Information supplied section start
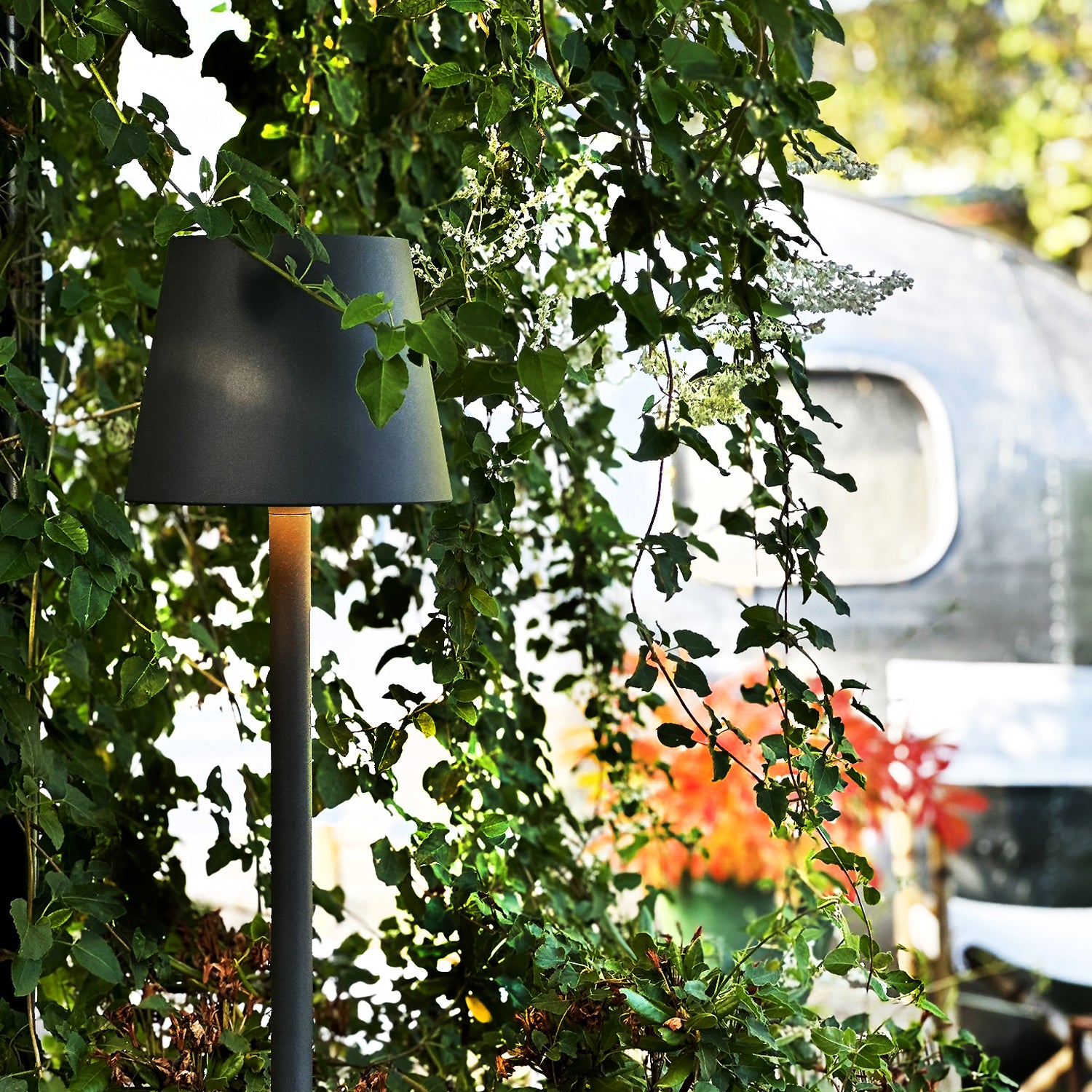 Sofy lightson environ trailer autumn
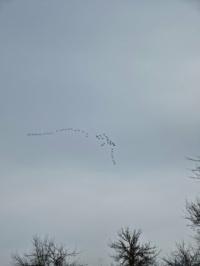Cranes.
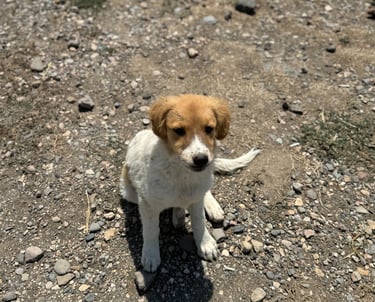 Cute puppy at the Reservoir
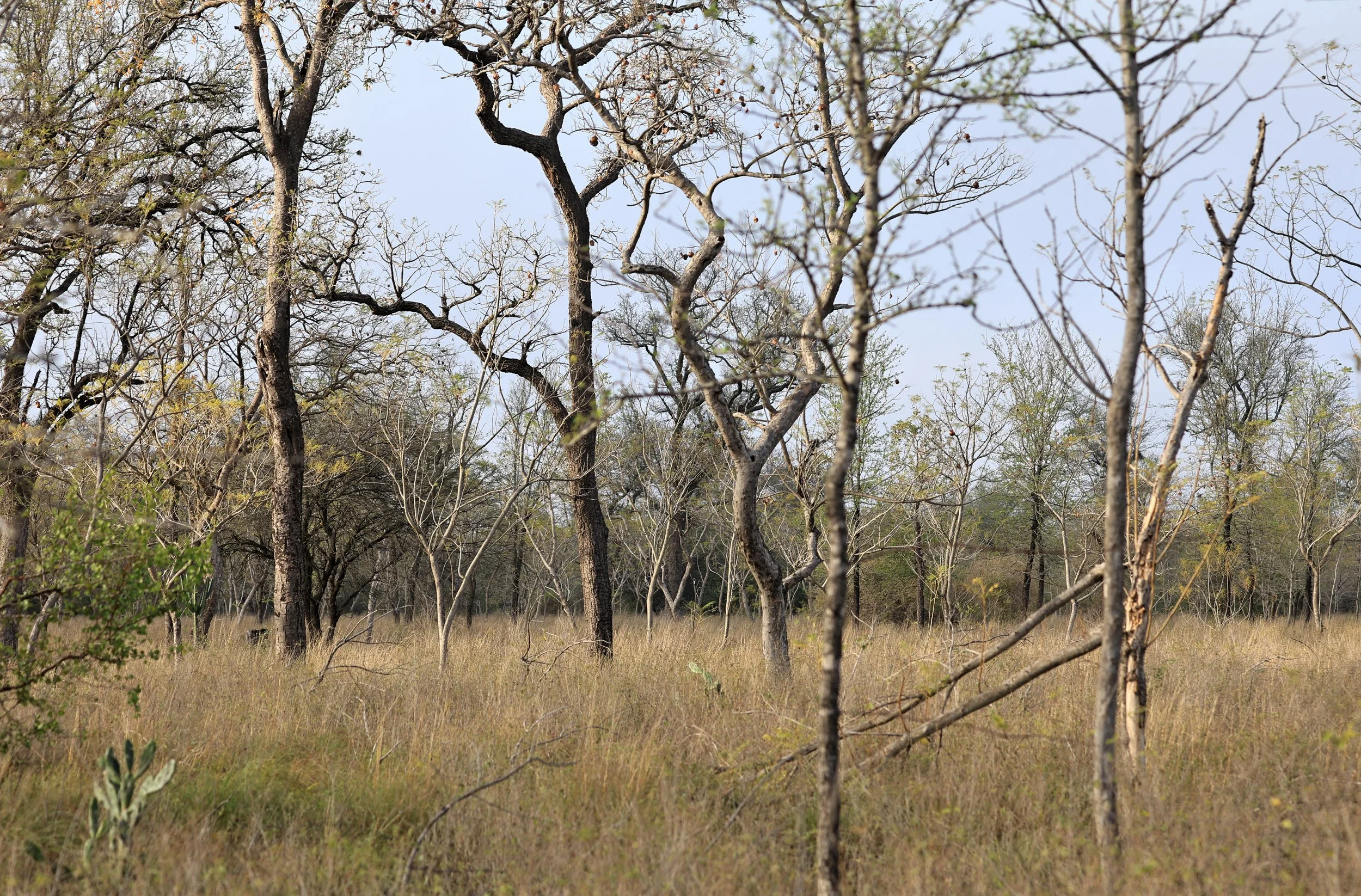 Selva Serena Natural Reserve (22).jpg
Information supplied section end
* **The problem**
Repeat the data exactly, without the pictures.

* **Written solution**
 Sofy lightson environ trailer autumn
Cranes.
 Cute puppy at the Reservoir
 Selva Serena Natural Reserve (22).jpg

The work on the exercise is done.